Cet argument, selon lequel ces questions liées à la protection des données sont trop importantes pour pouvoir être déléguées, je l'avais déjà fait valoir en commission, en rappelant notamment que notre pays n'a pas connu beaucoup de commissions d'enquête parlementaire. Même dans cette salle, nous avons jugé que les graves turbulences que la Suisse a traversées avec ses banques ne justifiaient pas une commission d'enquête parlementaire.

L'une des deux ou trois commissions d'enquête parlementaires que nous avons connues portait précisément sur la problématique des fiches. Cette commission avait abouti à un rapport qui a été rendu en 1989 et qui a institué dans notre pays tout un système visant à savoir, d'une part dans quelles conditions on pouvait récolter des données sur nos concitoyens et, d'autre part quels étaient les contrôles qui devaient être institués.

C'est donc un domaine extrêmement important et sensible. Et il est terriblement malheureux, alors que notre séance de commission a eu lieu le 28 juin 2010, que soit paru quelques jours après un rapport de la Délégation des Commissions de gestion qui montrait que malheureusement cette question des fiches n'était pas encore derrière nous, que malheureusement, aujourd'hui encore, l'exécutif de notre pays, le Conseil fédéral, n'avait pas instauré les mesures nécessaires pour protéger nos concitoyens contre l'Etat fouineur, que malheureusement, aujourd'hui encore, l'administration était incapable de savoir quelles données étaient récoltées dans quelles circonstances et quelles mesures de contrôles étaient instaurées pour s'assurer que les données ne soient pas récoltées à tort. En d'autres termes, aujourd'hui encore, la question de savoir comment nos concitoyens sont fichés n'est pas réglée de façon satisfaisante. Elle l'est peut-être au niveau de la loi; elle ne l'est pas au niveau des mesures d'application.

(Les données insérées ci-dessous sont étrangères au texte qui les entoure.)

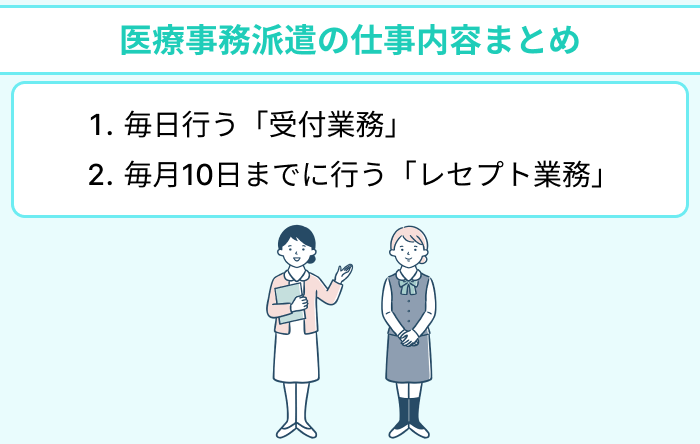 医療事務派遣の仕事内容まとめのイラスト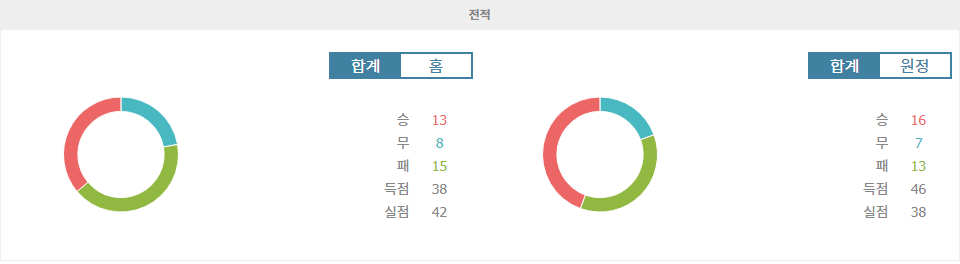 【스포츠토토예측】파라과이 프리메라 디비시온: FC 나시오날 아순시온, 2 de Mayo 상대로 홈 승리 예상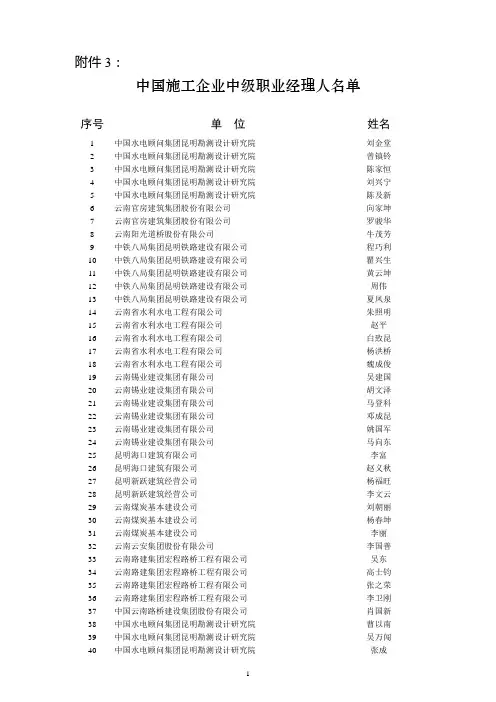 中国施工企业中级职业经理人名单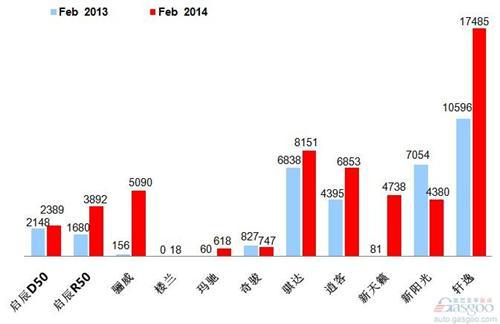 2014年1月乘用车前十车企销量图—No.6东风日产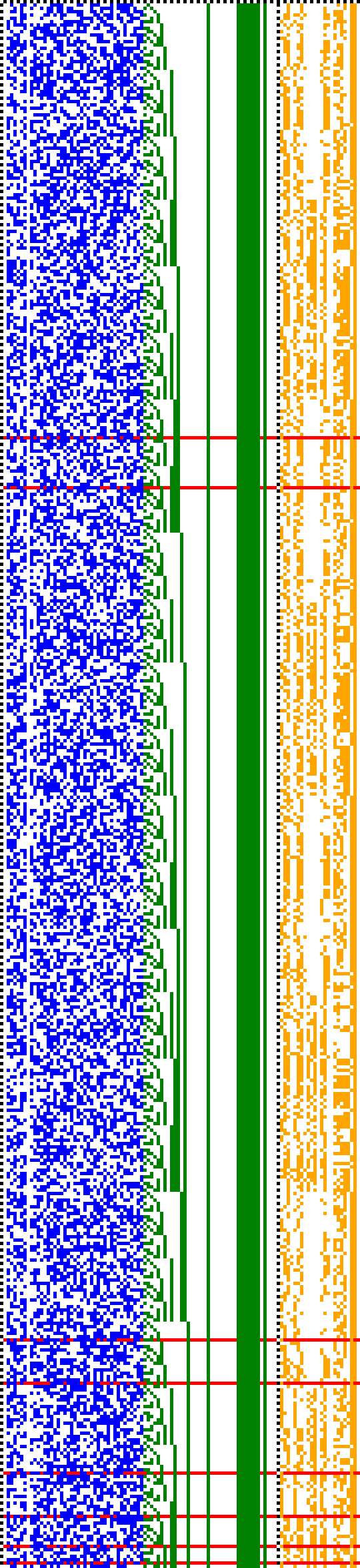 Bild: Logdateigrafik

Alors, ici je ne jette la pierre à personne parce que la Délégation des Commissions de gestion relève aussi la bonne qualité de la collaboration qui s'est instaurée entre elle, l'administration et le Conseil fédéral pour pouvoir mettre au jour un certain nombre de faits et pour pouvoir établir le rapport que vous avez lu. Il n'en demeure pas moins qu'on ne peut [PAGE 772] pas considérer que dans ce domaine extrêmement sensible, qui est celui de la récolte des données personnelles, nous sommes aujourd'hui dans une affaire banale où il s'agirait de déléguer la mise en vigueur d'une loi qui traiterait de la pêche ou de l'homologation des véhicules. Nous sommes dans un domaine sensible; il est normal que dans un domaine d'une telle importance le Parlement conserve ses prérogatives.

Je vous demande dès lors de suivre le Conseil national sur ce point et de le suivre volontairement par une adhésion de coeur et de raison, plutôt que d'y être contraint à la suite d'un certain nombre de navettes et après une séance de la Conférence de conciliation.